От Аникина мы отправились втроем до своего города Челябинска по ж.д. пешим порядком и через дня три с небольшим были всего в 20 верстах от города. Оттуда пошли на прямую, не по ЖД, а по просёлочной дороге, идущей прямо в город. Чувствуя близость дома начали шагать быстрее, повеселели и к обеду были уже в городе. Был конец рождественского поста, 23/XII по старому стилю. Мы с Петром Архиповичем Калининым направились прямо ко мне, так как его жена и двоюродная сестра моей старушки жили у нас, так как у нее не было хаты. Наш товарищ Александр Стражников в начале города повернул по направлению своей квартиры, так как жил в другом районе города. А мы с Петром пошли прямо к нам в Заречную часть города. Когда пришли к нам в дом, нас встретили с причитанием наши жены и мои милые ребятишки Зина, Сережа и Кланя (*уменьшительная форма имя Клавдия) и, конечно, сразу нас никто не узнал, пока мы не заговорили.
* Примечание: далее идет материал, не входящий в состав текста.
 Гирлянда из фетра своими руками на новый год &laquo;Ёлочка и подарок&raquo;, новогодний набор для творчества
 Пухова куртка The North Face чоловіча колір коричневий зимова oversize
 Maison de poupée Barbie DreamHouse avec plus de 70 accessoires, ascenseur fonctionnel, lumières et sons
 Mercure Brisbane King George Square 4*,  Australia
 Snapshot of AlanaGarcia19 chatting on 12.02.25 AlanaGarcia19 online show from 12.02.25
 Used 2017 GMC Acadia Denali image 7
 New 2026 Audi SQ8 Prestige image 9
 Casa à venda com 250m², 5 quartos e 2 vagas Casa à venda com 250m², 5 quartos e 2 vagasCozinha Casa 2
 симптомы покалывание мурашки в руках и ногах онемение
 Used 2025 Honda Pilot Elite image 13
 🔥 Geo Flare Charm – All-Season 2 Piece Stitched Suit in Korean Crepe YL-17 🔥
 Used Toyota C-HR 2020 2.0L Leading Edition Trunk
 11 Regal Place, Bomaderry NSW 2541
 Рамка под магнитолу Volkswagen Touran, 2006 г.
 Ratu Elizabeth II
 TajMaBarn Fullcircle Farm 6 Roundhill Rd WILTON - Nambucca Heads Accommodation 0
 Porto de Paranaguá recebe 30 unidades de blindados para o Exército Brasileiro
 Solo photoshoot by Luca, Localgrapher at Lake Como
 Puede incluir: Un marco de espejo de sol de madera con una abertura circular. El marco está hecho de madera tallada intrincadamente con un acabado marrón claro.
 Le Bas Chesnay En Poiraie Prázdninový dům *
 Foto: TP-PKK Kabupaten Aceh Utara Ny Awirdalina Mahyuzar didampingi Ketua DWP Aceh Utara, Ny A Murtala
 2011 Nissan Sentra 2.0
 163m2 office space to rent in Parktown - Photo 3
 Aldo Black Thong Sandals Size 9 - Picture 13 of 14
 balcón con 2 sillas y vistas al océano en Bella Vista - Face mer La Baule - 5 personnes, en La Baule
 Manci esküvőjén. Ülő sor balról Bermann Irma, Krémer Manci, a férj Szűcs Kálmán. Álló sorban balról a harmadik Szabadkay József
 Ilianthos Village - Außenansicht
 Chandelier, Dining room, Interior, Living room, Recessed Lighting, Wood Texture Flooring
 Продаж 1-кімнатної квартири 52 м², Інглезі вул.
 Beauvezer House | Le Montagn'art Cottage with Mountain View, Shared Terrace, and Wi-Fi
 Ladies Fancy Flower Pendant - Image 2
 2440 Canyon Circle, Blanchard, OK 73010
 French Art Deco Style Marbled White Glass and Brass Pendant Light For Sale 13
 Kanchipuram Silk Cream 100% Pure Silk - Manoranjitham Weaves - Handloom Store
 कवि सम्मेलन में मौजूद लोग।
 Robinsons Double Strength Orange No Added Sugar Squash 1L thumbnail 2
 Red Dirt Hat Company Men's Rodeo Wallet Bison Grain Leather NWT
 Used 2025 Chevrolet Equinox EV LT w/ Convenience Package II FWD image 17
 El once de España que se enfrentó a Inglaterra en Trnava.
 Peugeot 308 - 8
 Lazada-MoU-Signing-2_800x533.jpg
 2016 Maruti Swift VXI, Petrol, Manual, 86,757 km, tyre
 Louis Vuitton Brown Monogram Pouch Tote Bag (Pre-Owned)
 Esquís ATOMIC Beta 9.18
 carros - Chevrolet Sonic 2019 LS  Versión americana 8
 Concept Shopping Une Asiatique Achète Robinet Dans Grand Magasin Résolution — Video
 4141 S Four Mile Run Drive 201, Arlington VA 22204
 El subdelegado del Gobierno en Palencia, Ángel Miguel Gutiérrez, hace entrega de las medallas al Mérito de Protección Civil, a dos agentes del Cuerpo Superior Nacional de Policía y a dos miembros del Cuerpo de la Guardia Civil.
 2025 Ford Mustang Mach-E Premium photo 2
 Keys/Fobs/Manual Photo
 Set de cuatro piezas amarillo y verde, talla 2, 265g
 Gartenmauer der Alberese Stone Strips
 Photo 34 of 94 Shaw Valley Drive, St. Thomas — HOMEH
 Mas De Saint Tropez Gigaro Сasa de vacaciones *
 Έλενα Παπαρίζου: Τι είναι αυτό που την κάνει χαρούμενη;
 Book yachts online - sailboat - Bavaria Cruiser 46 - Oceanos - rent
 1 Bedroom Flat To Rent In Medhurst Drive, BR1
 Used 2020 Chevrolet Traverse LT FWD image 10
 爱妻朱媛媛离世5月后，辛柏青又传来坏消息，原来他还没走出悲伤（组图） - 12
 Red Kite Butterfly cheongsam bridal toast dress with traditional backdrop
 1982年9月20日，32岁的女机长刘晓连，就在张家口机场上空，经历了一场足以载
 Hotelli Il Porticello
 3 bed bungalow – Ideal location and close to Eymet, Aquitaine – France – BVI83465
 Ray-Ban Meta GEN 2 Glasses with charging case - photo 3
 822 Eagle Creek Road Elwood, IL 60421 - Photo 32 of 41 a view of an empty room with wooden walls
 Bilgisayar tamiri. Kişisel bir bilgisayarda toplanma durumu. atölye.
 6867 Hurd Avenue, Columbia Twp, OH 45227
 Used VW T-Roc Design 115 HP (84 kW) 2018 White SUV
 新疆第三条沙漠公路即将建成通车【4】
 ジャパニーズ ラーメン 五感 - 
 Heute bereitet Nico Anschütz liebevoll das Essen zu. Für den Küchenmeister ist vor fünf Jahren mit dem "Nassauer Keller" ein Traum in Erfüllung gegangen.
Так видимо были хороши и красивы во всем рваном, полубосые, обмороженные, на лицах сплошная короста, обморожены кисти рук. Как бы мы не были плохи на вид, в семье были очень рады нам, ведь нас уже почти считали погибшими. Все были рады бесконечно, что пришли домой живыми и почти здоровыми, несмотря на все трудности и мытарства дороги. У нас на заднем дворе была своя хорошая баня и наши бабы быстро затопили баню, чтоб обмыть нас и надеть все чистое белье. Всю с нас рвань и тряпки сняли и выбросили на мороз, сразу одели во все чистое. Часа через 2 - 3, как поспела баня, нас повели по очереди жены в баню, где обмыли как полагалось. Со мной в жару даже сделался обморок, минуты на 2 - 3, но скоро все прошло. Короста на лице в бане отопрела, она намокла, но не отвалилась совсем, а держалась еще на каких-то жилках. Отрывать было больно, но через 2 дня она отпала. Сильно лицо боялось, почему- то, мороза, новая кожа на лице была очень чувствительная. Мне нужно было явится в военкомат на учет, где всех сразу брали в запасные полки. С моим товарищем Петром Архиповичем Калининым получилось очень плохо. Он вскоре заболел тифом и быстро умер. Перенес столько мучений, шел домой к своей молодой жене и дочке, и вернувшись, не пожив, в рассвете сил, молодой закончил свой безвременно земной путь, оставив жену с ребенком.